TICKETS: 0844 847 1656.
www.southwarkplayhouse.co.uk
Review: Timothy Ramsden 17 April.

Passions never rise as they might.
An unseen man links the three women in Edna O’Brien’s play. His fate is decided by a fourth, who stands outside the socially-conditioned, self-destructive behaviour which restrains these three. The man himself inspires the devotion of this trio, while seeming also to have his own artistic gift.

His mistress Clarissa is an actor, playing passionate classical roles – the Duchess of Malfi, As You Like It’s Rosalind (where she seems about to go onstage for her first scene already dressed as Ganymede). His wife Pauline stalks Clarissa, practised in techniques to see-off other women.

Daughter Brandy, a would-be musician ambitious to beat her own drum (and doing so in a couple of perfunctory percussive moments), longs for her father. All this is played out in the alternative, under-the-arches space of the new Southwark Playhouse, by London Bridge station. Designer Paul Burgess makes this space resemble the long nave of a church, audience ‘pews’ along each side, wooden screens at each end with a patriarchal painted figure partly-concealed behind.

Sometimes the concept helps, giving space for swishing entrances; at others the space becomes abstract, dissipating the concentrated arguments. It adds to a curiously low-key evening. For all the declarations of yearning and desire, all the emotional gaps Henry leaves or has made in these people’s lives, the damaging impact through which he’s sailed confidently on, there remains a lack of either fury or resolution.

It’s as if the fourth, unseen woman comes as a dea ex machina to sort things out on their behalf.

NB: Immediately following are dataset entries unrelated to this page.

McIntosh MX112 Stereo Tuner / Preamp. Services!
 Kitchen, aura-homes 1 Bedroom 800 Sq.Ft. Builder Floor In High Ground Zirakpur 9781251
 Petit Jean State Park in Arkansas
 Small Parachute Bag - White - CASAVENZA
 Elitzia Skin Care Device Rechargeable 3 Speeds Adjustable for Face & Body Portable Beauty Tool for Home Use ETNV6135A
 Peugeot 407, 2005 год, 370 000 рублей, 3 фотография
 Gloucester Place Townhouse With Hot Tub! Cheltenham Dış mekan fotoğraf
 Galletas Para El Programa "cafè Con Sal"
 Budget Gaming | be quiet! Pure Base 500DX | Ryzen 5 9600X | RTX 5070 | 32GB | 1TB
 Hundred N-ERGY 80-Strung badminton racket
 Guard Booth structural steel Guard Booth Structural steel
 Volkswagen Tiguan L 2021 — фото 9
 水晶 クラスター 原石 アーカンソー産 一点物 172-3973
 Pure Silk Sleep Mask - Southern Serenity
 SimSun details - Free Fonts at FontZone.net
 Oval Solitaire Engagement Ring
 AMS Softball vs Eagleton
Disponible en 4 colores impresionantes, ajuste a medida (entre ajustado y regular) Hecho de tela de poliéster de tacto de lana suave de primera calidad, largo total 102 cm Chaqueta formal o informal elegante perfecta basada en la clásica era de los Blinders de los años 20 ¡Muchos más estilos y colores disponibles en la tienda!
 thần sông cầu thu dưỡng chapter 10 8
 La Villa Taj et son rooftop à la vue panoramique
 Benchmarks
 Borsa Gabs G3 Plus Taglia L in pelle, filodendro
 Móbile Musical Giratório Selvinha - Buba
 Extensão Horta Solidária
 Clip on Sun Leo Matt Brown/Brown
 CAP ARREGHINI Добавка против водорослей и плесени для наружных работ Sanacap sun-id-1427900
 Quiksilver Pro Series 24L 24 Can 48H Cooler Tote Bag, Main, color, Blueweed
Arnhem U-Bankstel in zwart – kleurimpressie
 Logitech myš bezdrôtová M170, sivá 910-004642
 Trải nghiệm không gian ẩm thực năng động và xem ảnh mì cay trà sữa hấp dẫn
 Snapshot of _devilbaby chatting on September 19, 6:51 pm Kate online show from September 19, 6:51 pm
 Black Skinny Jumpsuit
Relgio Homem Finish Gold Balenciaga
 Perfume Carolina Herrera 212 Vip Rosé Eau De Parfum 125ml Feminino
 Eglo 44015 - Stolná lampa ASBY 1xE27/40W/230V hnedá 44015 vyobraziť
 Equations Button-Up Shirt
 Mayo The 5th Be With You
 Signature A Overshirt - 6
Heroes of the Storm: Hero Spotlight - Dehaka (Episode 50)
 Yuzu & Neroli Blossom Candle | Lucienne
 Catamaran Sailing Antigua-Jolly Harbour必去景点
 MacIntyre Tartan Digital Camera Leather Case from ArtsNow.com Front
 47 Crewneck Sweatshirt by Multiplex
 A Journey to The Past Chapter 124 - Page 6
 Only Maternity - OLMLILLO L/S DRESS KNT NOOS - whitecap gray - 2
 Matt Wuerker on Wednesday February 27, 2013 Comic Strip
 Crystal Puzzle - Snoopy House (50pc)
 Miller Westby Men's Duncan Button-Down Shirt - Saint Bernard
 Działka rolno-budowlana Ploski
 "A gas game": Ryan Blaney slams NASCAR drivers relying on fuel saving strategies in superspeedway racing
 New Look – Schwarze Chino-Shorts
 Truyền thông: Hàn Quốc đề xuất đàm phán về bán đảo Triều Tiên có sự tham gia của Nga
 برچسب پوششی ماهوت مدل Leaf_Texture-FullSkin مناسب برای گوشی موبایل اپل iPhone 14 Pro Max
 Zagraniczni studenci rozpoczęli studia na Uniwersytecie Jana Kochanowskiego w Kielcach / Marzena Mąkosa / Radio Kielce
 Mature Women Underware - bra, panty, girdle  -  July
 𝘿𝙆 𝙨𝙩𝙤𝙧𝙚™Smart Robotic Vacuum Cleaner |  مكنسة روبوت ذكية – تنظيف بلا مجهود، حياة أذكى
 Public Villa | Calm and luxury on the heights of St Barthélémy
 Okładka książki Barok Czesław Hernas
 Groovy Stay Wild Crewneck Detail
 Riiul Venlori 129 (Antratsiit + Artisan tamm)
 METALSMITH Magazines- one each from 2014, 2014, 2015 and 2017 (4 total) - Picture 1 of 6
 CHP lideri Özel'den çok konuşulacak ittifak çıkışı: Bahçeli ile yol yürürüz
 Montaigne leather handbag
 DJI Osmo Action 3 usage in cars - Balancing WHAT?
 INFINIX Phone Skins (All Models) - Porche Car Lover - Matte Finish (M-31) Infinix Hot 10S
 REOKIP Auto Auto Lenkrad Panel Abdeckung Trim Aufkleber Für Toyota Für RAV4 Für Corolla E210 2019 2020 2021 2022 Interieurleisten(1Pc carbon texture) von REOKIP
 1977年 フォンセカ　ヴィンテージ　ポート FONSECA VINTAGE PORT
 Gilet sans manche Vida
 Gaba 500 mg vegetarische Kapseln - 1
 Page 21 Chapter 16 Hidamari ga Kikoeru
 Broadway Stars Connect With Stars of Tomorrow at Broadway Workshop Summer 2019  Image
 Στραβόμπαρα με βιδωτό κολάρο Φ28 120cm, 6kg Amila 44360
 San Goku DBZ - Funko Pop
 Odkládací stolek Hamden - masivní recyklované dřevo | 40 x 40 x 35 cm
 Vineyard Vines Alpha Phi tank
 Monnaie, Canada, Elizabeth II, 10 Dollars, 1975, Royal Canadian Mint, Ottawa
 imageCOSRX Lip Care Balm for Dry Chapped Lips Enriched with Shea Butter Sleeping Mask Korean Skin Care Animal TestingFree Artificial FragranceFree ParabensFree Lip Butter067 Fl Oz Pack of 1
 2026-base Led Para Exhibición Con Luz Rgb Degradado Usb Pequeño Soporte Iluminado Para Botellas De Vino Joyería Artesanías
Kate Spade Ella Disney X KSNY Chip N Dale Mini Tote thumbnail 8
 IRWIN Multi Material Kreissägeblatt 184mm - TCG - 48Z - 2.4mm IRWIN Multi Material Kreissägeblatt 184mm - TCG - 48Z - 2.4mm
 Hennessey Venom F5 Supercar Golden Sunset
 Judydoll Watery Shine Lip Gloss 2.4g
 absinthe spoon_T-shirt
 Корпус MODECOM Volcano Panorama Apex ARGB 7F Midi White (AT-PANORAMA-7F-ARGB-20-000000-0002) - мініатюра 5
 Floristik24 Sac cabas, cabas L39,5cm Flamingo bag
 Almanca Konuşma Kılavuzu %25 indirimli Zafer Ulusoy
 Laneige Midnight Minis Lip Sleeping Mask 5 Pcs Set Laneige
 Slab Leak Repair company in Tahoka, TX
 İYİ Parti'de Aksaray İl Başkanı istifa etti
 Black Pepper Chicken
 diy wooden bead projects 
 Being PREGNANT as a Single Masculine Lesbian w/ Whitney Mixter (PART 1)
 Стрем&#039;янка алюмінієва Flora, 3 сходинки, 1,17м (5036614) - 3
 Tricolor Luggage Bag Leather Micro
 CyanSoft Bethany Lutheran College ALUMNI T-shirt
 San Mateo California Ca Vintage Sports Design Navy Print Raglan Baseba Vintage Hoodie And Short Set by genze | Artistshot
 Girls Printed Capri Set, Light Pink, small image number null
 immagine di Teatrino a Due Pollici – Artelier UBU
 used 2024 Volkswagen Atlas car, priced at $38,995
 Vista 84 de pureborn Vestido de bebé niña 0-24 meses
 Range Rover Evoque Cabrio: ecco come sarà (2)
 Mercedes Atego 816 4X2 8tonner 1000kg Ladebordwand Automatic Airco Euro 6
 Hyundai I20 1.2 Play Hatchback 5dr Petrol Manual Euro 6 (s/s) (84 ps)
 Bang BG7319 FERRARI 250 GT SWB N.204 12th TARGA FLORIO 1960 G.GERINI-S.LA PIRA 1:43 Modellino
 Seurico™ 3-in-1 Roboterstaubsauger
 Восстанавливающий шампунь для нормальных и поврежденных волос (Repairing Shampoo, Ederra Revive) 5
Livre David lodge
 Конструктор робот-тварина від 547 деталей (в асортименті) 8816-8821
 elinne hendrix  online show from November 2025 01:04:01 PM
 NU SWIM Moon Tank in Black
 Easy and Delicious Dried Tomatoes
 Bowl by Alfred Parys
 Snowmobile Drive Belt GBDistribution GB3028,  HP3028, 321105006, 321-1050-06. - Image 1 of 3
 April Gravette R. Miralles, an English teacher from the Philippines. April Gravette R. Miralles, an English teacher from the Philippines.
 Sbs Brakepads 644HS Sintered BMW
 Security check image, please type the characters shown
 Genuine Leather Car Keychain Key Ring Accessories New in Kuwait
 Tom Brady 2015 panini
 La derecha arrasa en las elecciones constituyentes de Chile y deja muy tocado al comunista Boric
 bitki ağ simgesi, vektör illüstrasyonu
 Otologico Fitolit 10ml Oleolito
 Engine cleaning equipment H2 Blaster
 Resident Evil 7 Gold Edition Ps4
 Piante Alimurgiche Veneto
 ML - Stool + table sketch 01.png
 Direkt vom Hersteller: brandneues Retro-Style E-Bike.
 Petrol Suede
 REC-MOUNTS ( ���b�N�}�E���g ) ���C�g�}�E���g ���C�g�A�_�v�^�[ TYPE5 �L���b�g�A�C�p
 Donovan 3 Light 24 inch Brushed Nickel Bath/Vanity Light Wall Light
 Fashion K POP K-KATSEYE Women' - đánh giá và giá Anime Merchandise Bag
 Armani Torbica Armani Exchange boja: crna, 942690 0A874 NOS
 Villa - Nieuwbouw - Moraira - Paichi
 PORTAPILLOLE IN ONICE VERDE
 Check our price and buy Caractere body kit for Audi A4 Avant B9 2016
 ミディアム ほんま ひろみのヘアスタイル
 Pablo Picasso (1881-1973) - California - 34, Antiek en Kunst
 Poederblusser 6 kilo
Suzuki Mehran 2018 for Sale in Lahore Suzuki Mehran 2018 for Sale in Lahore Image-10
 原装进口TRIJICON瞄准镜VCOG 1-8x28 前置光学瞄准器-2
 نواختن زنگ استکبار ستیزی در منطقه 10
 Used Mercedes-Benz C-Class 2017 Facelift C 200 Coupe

Yet even this doesn’t lead to any final image of the three women’s states. There’s a dispassionate quality to the acting much of the time, given what’s being expressed in the words, and it’s left to costume to express Clarissa’s protean actor’s nature, Pauline’s dowdy attempts to keep her husband, and young Brandy exposing limbs and shoulders with the confidence of a youthful body even as she’s punishing it in her turmoil.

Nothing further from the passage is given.